Please return exactly the lines below that run from the line with "Jack Nicklaus Lantana Putter" through the end of the listing, both included, but not the pictures.

....

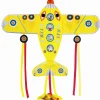 Drager<Djeco Drage - Flyver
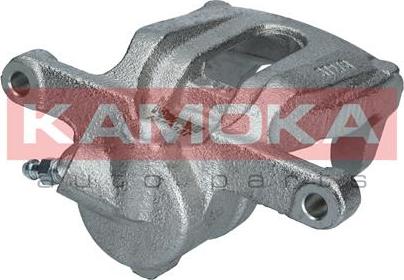 Kamoka JBC0317 - Bremžu suports
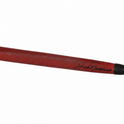 Jack Nicklaus Lantana Putter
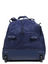 Sac de voyage Tuileries 71 cm Bleu Bleu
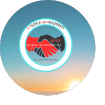 APOP CAREER SOLUTIONS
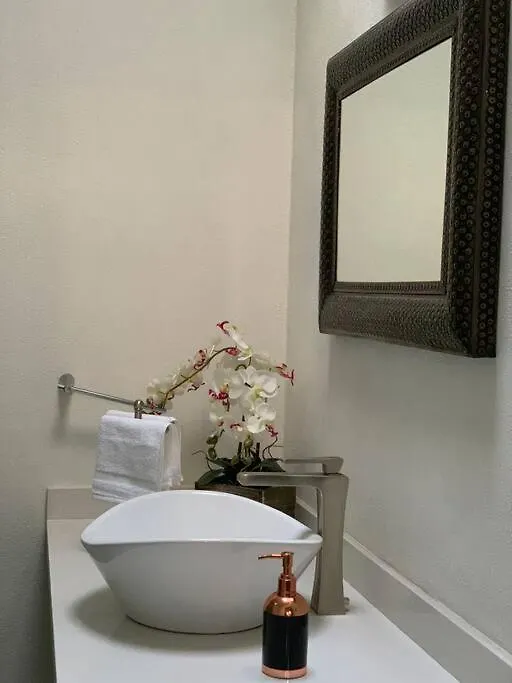 Hermoso Loft En Valquirico, Lofts Frontana. Tlaxcala Mexico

....

Exercise response:
 Jack Nicklaus Lantana Putter
 Sac de voyage Tuileries 71 cm Bleu Bleu
 APOP CAREER SOLUTIONS
 Hermoso Loft En Valquirico, Lofts Frontana. Tlaxcala Mexico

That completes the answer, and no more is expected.